2. Flashlight turning on/off: For momentary light, gently press (no click) the tailcap push button switch.
For constant light, fully press (click) the tailcap pushbutton switch.
3. Output selecting
Side mode switch button to transferring mode, circulate as High—Medium—Low. Press side mode switch button (keep 2 seconds) to Strobe.
4. Intelligent momentary memory function: Remember last used setting & will come on at same level as when turn off
MSRP: ~$105














Packaging is high-end - in a snazzy, plastic presentation-style carry case with cut-out foam (reminiscent of the high-end Olight lights). Carefully packaged inside you will find the light (removable clip installed on my sample, but not the grip ring), battery extender tube, clip replacement cover, good quality wrist lanyard, good quality holster (adjustable for multiple models), o-ring lube (reminiscent of Liteflux), extra o-rings and tailcap cover, and manual.






Skilhunt also included as a gift with my sample a hand-made paracord wrist lanyard. This is high-end lanyard, with a lot of attachment points. 









From left to right: AW Protected 18650, Skilhunt Defier X3, Lumintop TD-15X (with one extender), Thrunite Catapult V3, Olight M30, JetBeam M1X V2 









From left to right: AW Protected 18650, Skilhunt Defier X3 (with one extender), Lumintop TD-15X (with two extenders), Thrunite Catapult V3, Olight M30 (with one extender), JetBeam M1X V2 (with one extender)

All dimensions are given with no batteries installed:

*X3*: Weight: 251.8g, Length: 193mm, Width (bezel): 44.1mm
*X3 with one extender*: Weight: 269.2g, Length: 226mm , Width (bezel): 44.1mm
*BC40*: Weight: 226.3g, Length: 224mm , Width (bezel): 48.5mm
*Catapult V3 XM-L*: Weight: 434.8g, Length: 254mm, Width (bezel) 58.0mm, Width (tailcap) 35.1mm.
*TD-15X* (no extender): Weight 150.3g, Length 147.3mm, Width (bezel) 37.8mm

As you can see, even with the battery extender, the Skilhunt X3 overall size is toward the low-end of the 2x18650-class of lights (i.e. ones with the batteries in-line). Its overall length is comparable to the Jetbeam BC40, but the width of the head is the second smallest in this class to date, below the TD-15X.

Styling is of course quite distinctive on these Skilhunt lights. Those of you who have been around long enough may remember NiteCore's RaidFire Spear, which had a similar cut-out showing the heatsink:





From left to right: AW Protected 18650, Skilhunt Defier X1, NiteCore RaidFire Spear, Skilhunt Defier X3.

The Skilhunt lights are not as beefy as the Spear, which had a thicker and heavier build.

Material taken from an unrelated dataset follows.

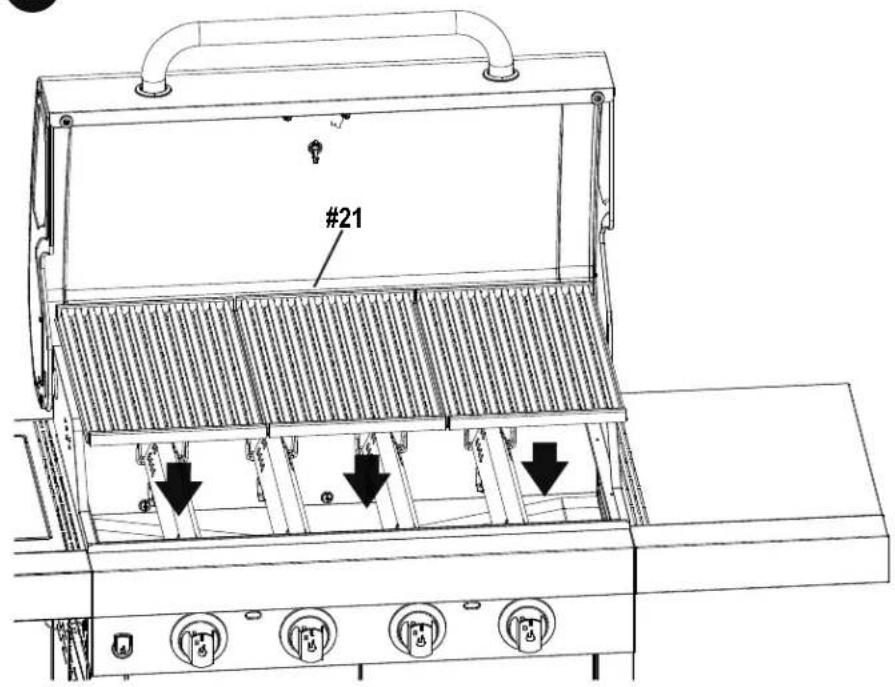 CHAR BROIL Performance 440 B - ARANHAS E TEIAS DENTRO DO QUEIMADOR - 3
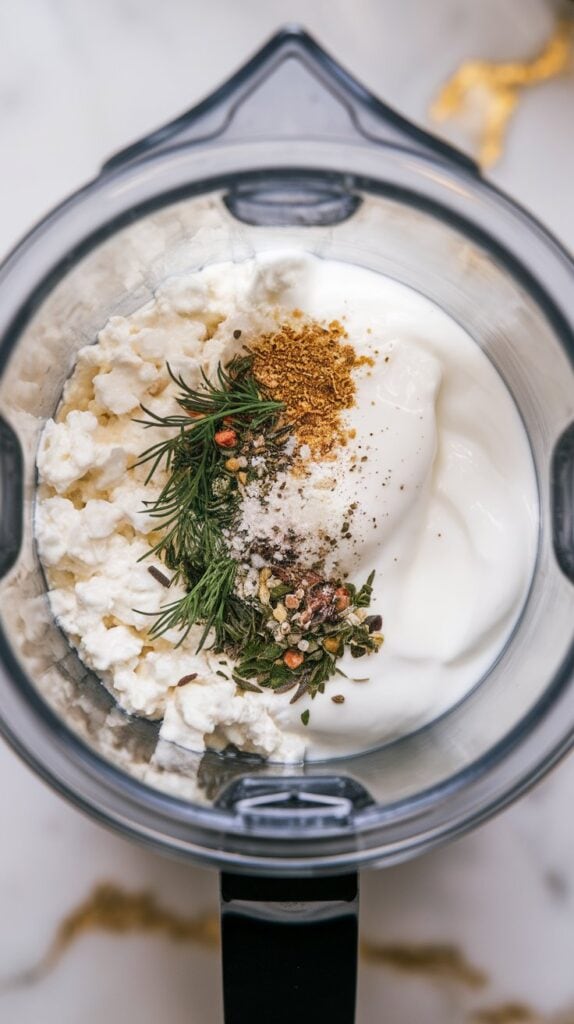 Creamy Cottage Cheese Ranch Dip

First, a few comments about the holster: 

X3:





X1:





The holster is common on all Skilhunt models. It is versatile, and can accommodate a range of light sizes given the attachment points and elastic bands. 

Personally, I think it best fits smaller lights in this 1x18650/2xCR123A size (i.e. like the X1 shown above). To use longer lights like the X3, you have open the bottom flap, which leaves the end-bit clip of the holster dangling somewhat. Although creative, this is one case where one size does not really fit all (or at least, not all equally well).














The overall body tube build of the X3 (design, quality, machining) is very reminiscent of Olight. I seem to recall making similar comments about the Lumintop lights.  The X3 head is of course unique, and the front output control switch reminds of the early Lumapower lights. However, the switch in this case is smaller and has more of an electronic feel (although it does have a definite click).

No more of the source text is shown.